**WORK REQUIRED:** With the material below, print exactly the lines between the line holding "Автокран, Камаз, 2004 г., 18 м" and the line holding "Luxray (44) 44/159", inclusive. Add nothing else.

**RECORDS FOR THIS TASK:**
──────────

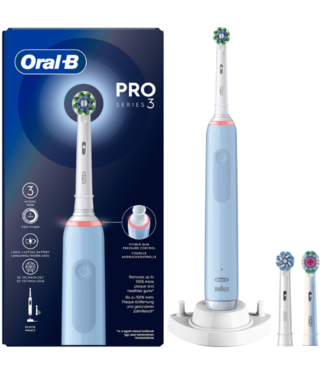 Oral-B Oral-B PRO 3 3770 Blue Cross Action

──────────

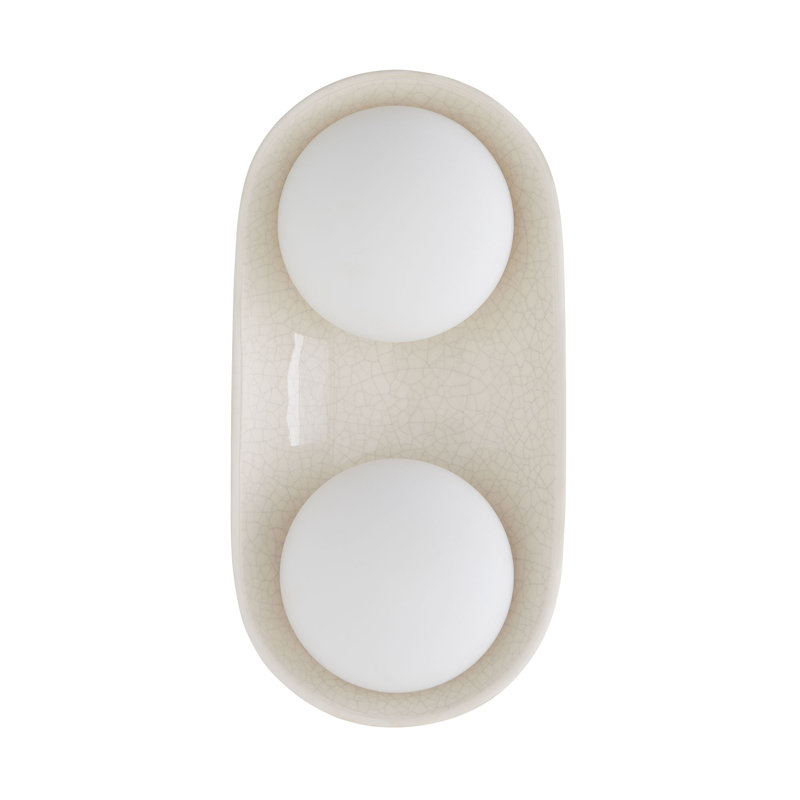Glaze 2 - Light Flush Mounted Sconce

──────────

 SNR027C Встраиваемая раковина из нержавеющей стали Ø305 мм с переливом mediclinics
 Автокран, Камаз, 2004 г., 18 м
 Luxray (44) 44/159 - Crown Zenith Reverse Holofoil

──────────

**RESPONSE TO THIS EXERCISE:**
 Автокран, Камаз, 2004 г., 18 м
 Luxray (44) 44/159 - Crown Zenith Reverse Holofoil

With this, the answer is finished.